Cycling became popular in Amsterdam in the 1920s. At the time, 80% of journeys were by bike. Car traffic began to increase in the 1950s and by the 1960s, it had quadrupled – at the expense of bikes. Traffic safety fell dramatically as a result, culminating in more than 100 fatal traffic accidents in the early 1970s. This was one of the most significant reasons behind attempts to reduce automobile traffic and encourage cycling (both initiatives that were supported wholeheartedly by residents of Amsterdam). It was around this time that the City of Amsterdam started work on the network of dedicated cycle paths running through the entire city.
Cycle usage subsequently began to increase. The introduction of paid car parking in the centre of Amsterdam in the 1990s also resulted in a dramatic increase in bicycle usage.
Between 1990 and 2014, the number of people using bikes has more than doubled. Currently, more than half of all journeys in Amsterdam city centre (within the A10 ring road) are by bike. In the historical city centre, that figure rises to 60%.
Cyclists are allowed to cycle on all roads in Amsterdam with a 30 km/ph speed limit and, of course, on the extensive dedicated cycle path network that covers the city. Around 90% of all roads in Amsterdam have a 30 km/ph speed limit. Dedicated cycle paths run alongside the majority of roads with a 50 km/ph speed limit and if there is no separate cycle path, cycle lanes are marked out on the road. Under no circumstances are cyclists allowed on the motorways, but this is of little consequence as there is only one motorway around the city centre. As such, cyclists are allowed to cycle practically everywhere in Amsterdam.

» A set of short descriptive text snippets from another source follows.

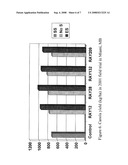 SULFUR-OXIDIZING PLANT GROWTH PROMOTING RHIZOBACTERIA FOR ENHANCED CANOLA PERFORMANCE diagram and image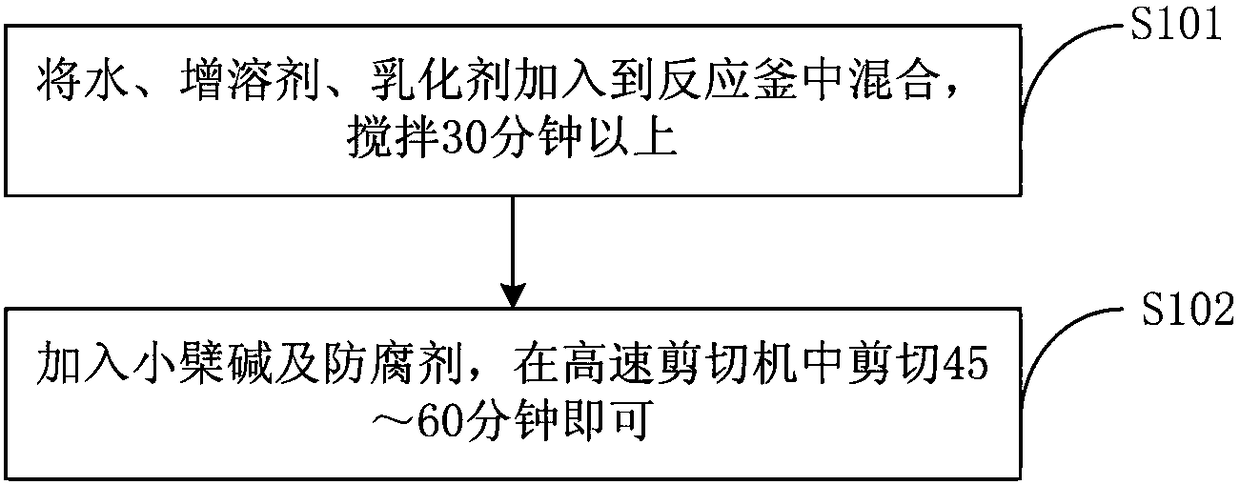 A kind of botanical pesticide for preventing and treating tobacco bacterial wilt and its preparation method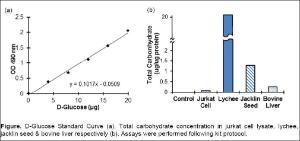Total Carbohydrate Colorimetric Assay Kit, BioVision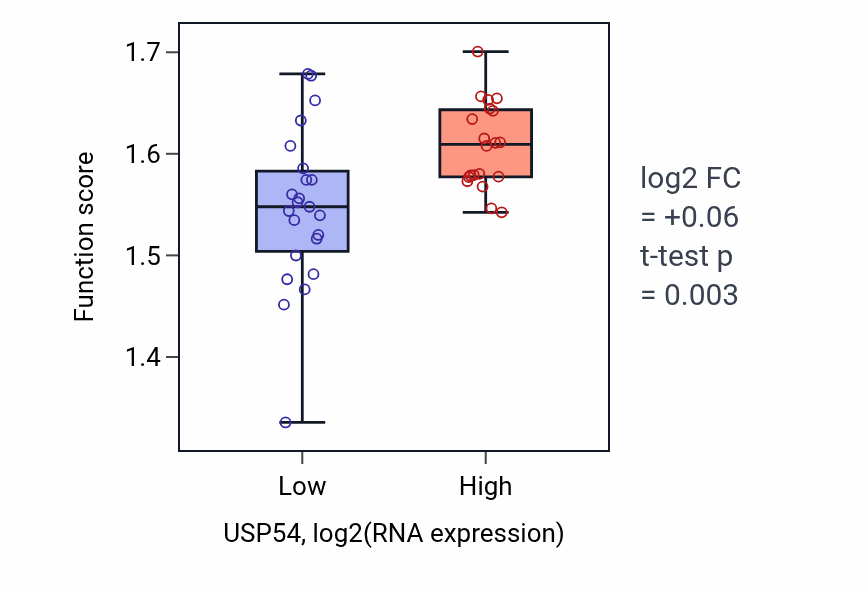 Box plot of Viral translational termination-reinitiation in USP54-low vs USP54-high samples in UPPER_AERODIGESTIVE_TRACT.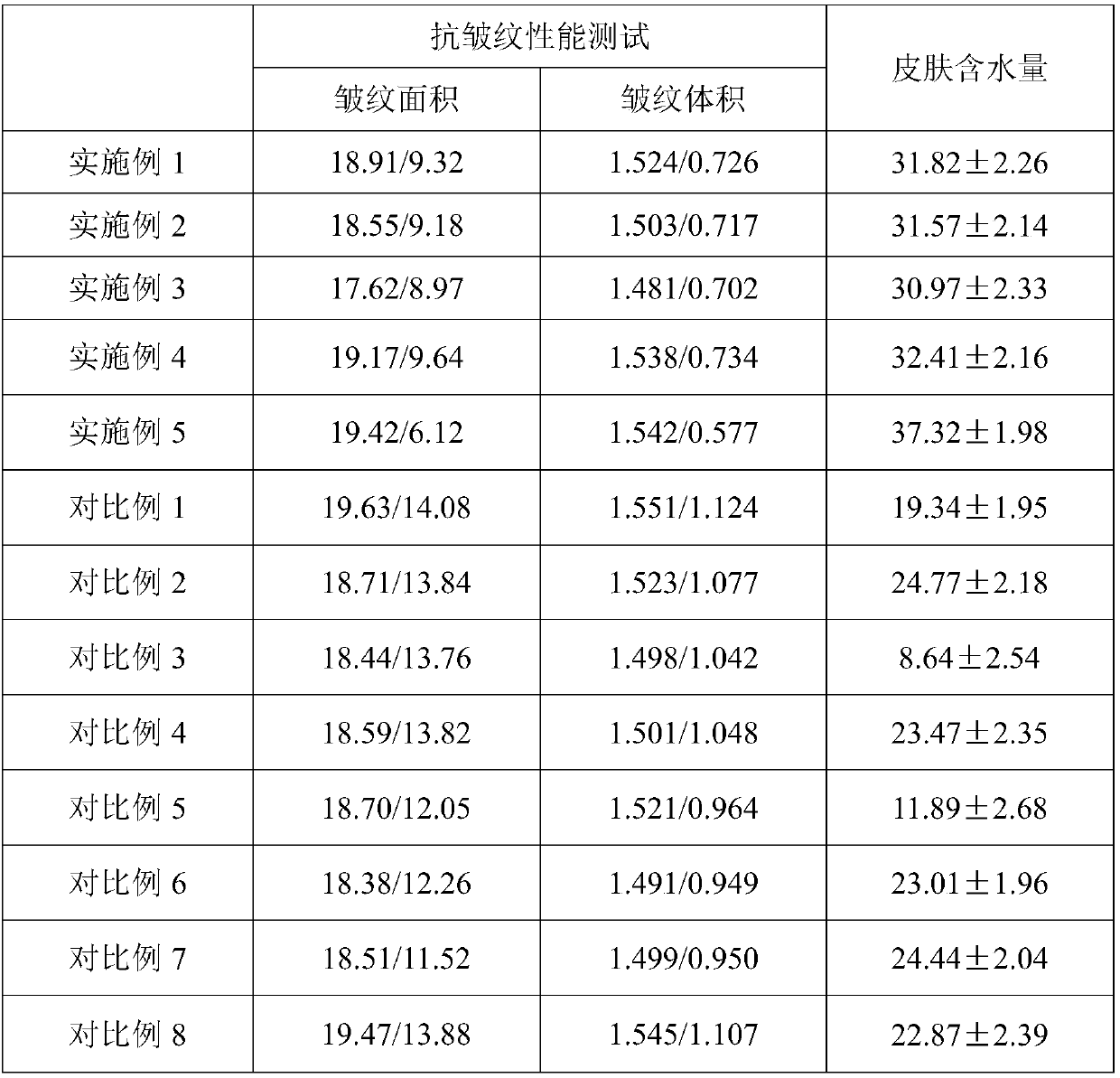 Multi-protein anti-aging feature-beautifying composition, and preparation method and application thereof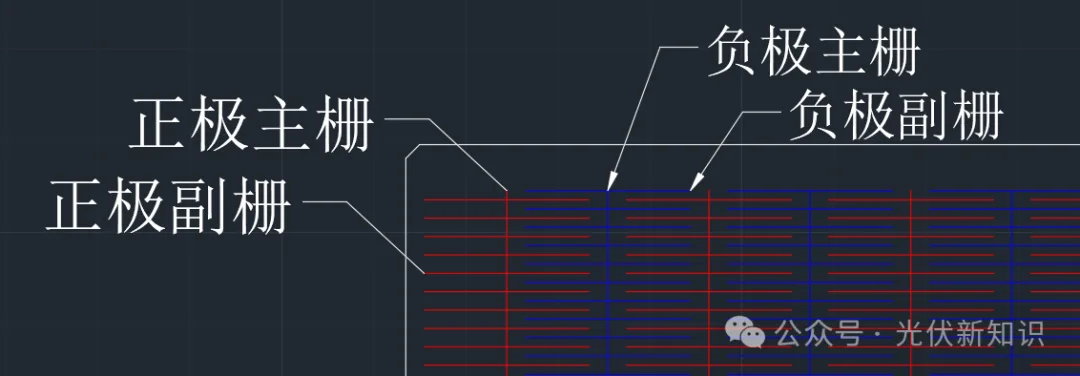 BC Solar Cells Explained: Structure, Differences, Manufacturing Process and String Soldering Principle BC rear-side main and fine grid layout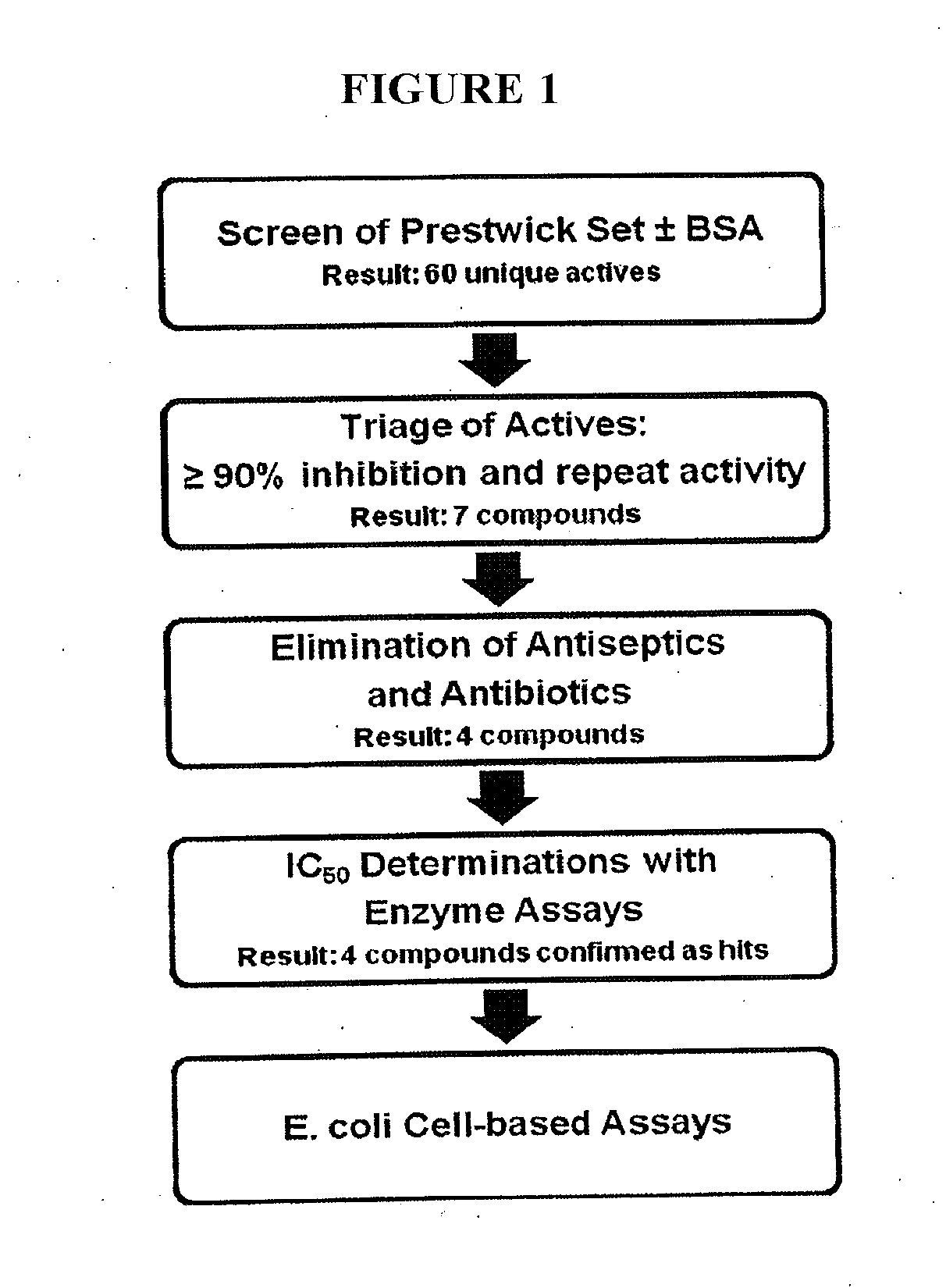 Phenoxy thiophene sulfonamides and other compounds for use as inhibitors of bacterial glucuronidase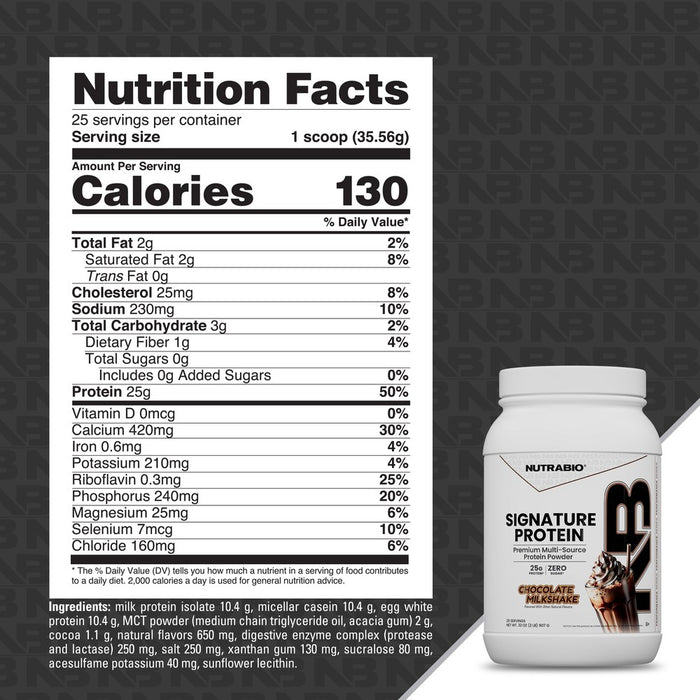 NutraBio Signature Protein Chocolate Milkshake Nutrition Facts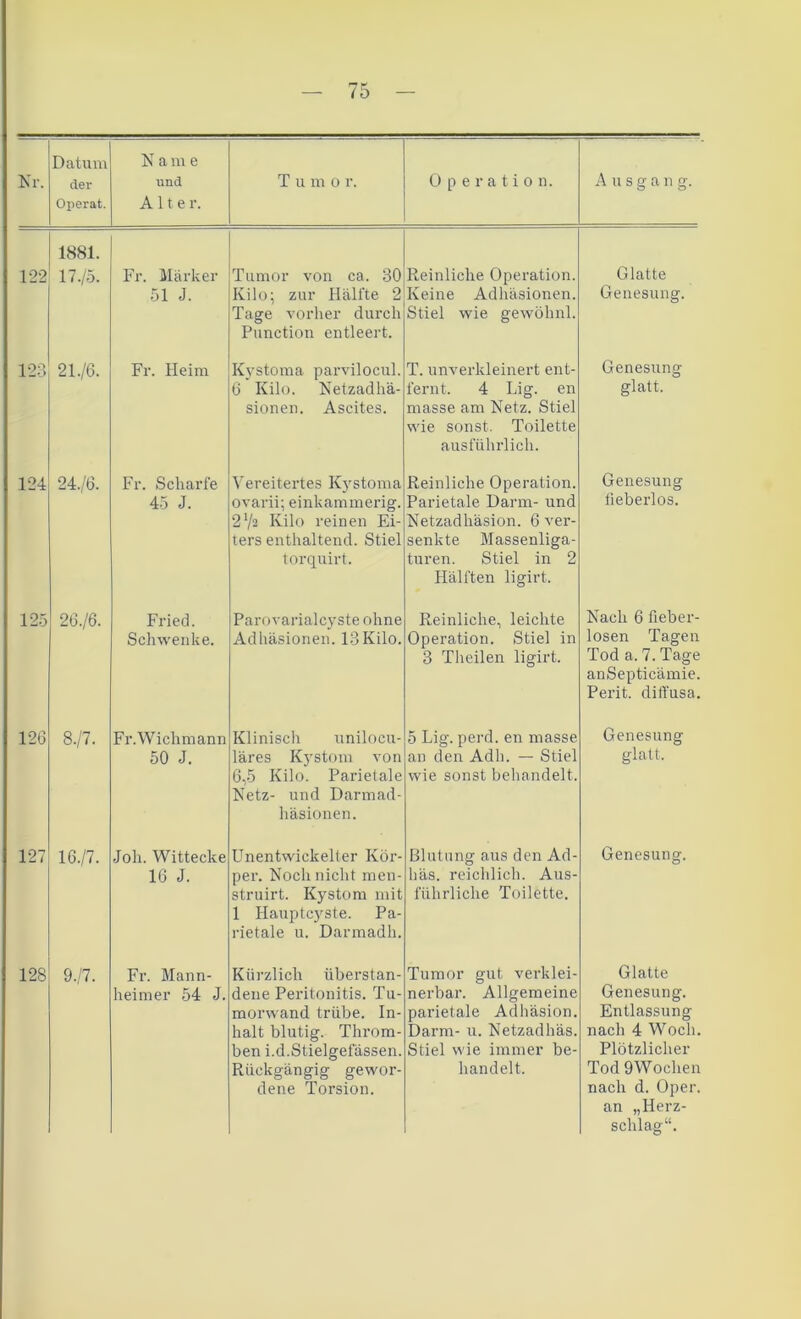 Operat. Alte r. 122 125 126 127 1881. 17./5. 123 21./6. 124 24-/6. 26./6. 8-/7. 16./7. Fr. Märker 51 J. Fr. Heim Fr. Scharfe 45 J. Fried. Schwenke. Fr.Wichmann 50 J. Joh. Wittecke 16 J. Tumor Kilo; Tage vorher durch Punction entleert. Kystoma parvilocul. 6 Kilo. Netzadhä- sionen. Ascites. Vereitertes Kystoma ovarii; einkammerig. 2V2 Kilo reinen Ei- ters enthaltend. Stiel torquirt. Parovarialcyste ohne Adhäsionen. 13 Kilo. Klinisch unilocu- läres Kystom von 6,5 Kilo. Parietale Netz- und Darmad- häsionen. Unentwickelter Kör- per. Noch nicht men- struirt. Kystom mit 1 Hauptcyste. Pa- rietale u. Darmadh. von ca. 30{Reinliche Operation, zur Hälfte 2 Keine Adhäsionen. Stiel wie gewöhnl. T. unverkleinert ent- fernt. 4 Lig. en masse am Netz. Stiel wie sonst. Toilette ausführlich. Reinliche Operation. Parietale Darm- und Netzadhäsion. 6 ver- senkte Massenliga- turen. Stiel in 2 Hälften ligirt. Reinliche, leichte Operation. Stiel in 3 Theilen ligirt. 5 Lig. perd. en masse an den Adln — Stiel wie sonst behandelt. Blutung aus den Ad häs. reichlich. Aus führliche Toilette. Glatte Genesung. Genesung glatt. Genesung tieberlos. Nach 6 fieber- losen Tod a. 7 anSepticämie Perit. dilfusa. Tagen Tage Genesung glatt. Genesung. 128 9-/7. Fr. Mann- heimer 54 J. Kürzlich überstan- dene Peritonitis. Tu- morwand trübe. In- halt blutig. Throm- ben i.d.Stielgefässen. Rückgängig gewor- dene Torsion. Tumor gut verklei- nerbar. Allgemeine parietale Adhäsion. Darm- u. Netzadhäs. Stiel wie immer be- handelt. Glatte Genesung. Entlassung nach 4 Woch. Plötzlicher Tod 9Wochen nach d. Oper, an „Herz- schlag“.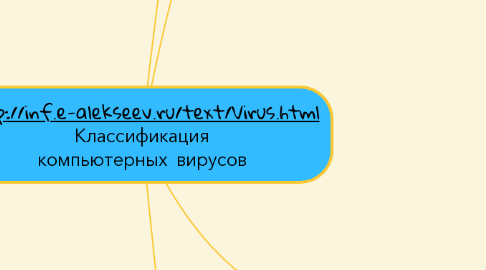Mind Map: http://inf.e-alekseev.ru/text/Virus.html Классификация компьютерных вирусов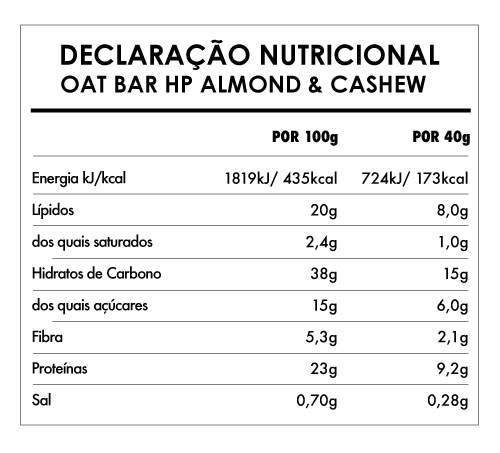 Tabela Nutricional - Protein Oat Bar - Almond & Cashew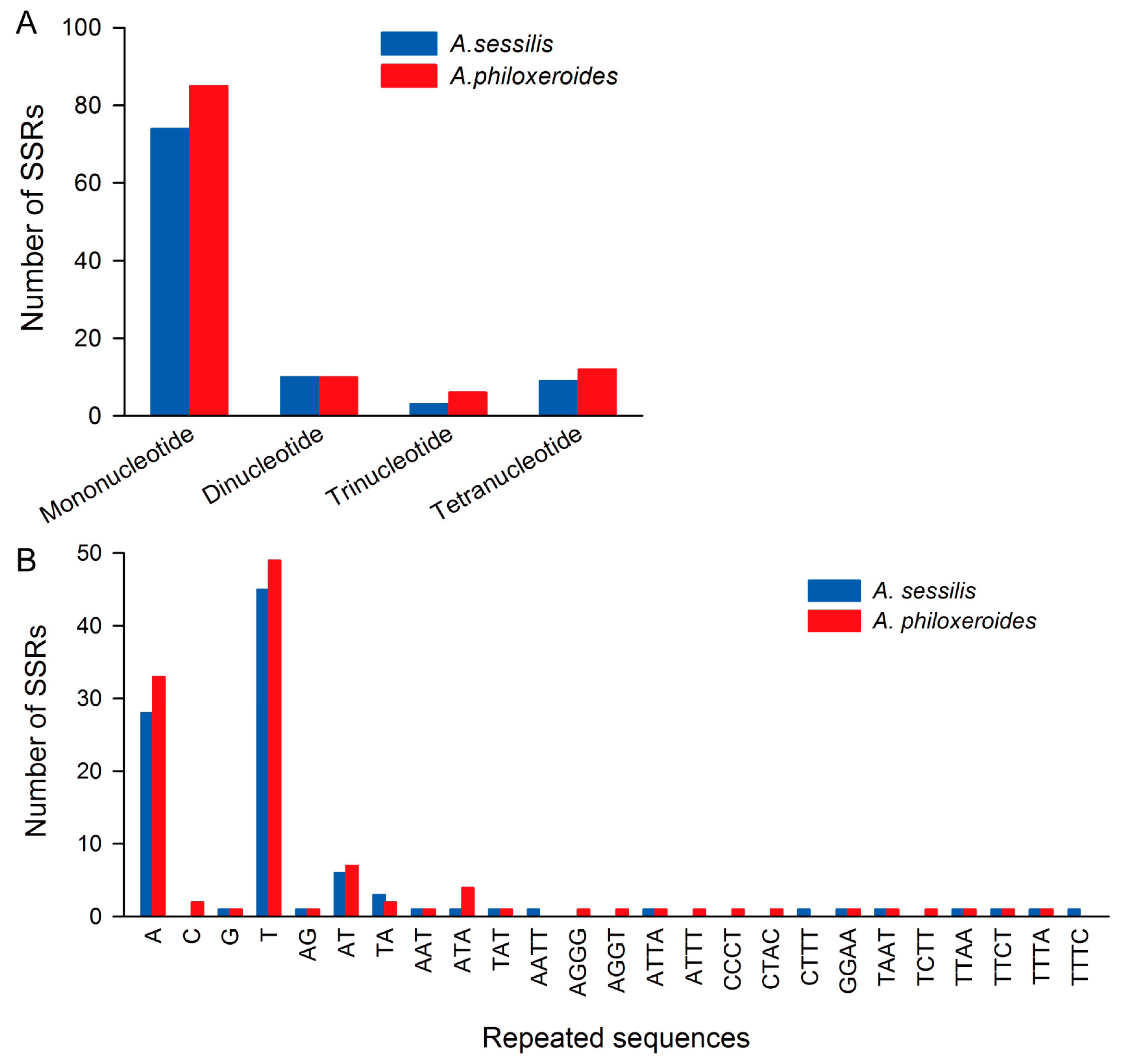 Genes 15 00544 g003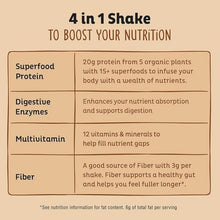 4-in-1 shake chart for KOS organic plant protein powder with fiber and vitamins info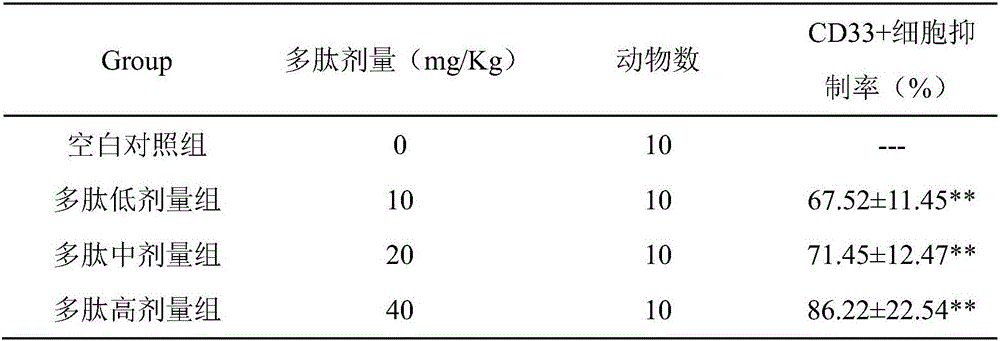 CD33 immunogenic polypeptide and application thereof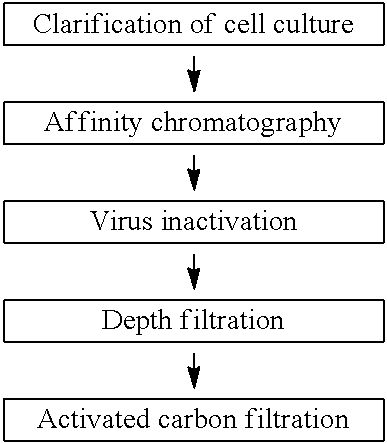 Methods for purifying antibodies comprising of a process by using activated carbon materials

The installation of bike parking facilities hasn’t been able to keep pace with the dramatic growth in bicycle traffic. There is a significant shortage of bicycle parking facilities in some parts of the city, particularly around major train stations and at busy nightlife areas. As such, the most significant challenge currently facing the city is the provision of a sufficient number of additional bicycle racks and the construction of large, secure bicycle storage facilities. The City of Amsterdam aspires to increase the number of bike parking places by 38,000 by 2020.
Amsterdam is an extremely compact city and public space is limited. Demands on public space in the city centre have increased notably in recent years. As such, another challenge is to create enough space on the city’s streets to accommodate the large volume of cyclists travelling in the city centre. One approach is to restructure streets that are used by a considerable volume of bicycle traffic in order to create more space for cyclists. Traffic lights can also be adjusted so that cyclists encounter a green light more frequently, or that the lights stay green for longer periods. In recent years, waiting time indicators have been installed on numerous traffic lights throughout the city, so that cyclists know exactly how long they have to wait before the lights turn green. Research has indicated that Amsterdam cyclists appreciate these indicators.
Mopeds have become extremely popular in Amsterdam in recent years. Moped riders not wearing a helmet are obliged to use the bicycle paths, leading to additional congestion. Mopeds are generally twice the width of bikes and 80% of moped users exceed the maximum speed limit of 25km/ph.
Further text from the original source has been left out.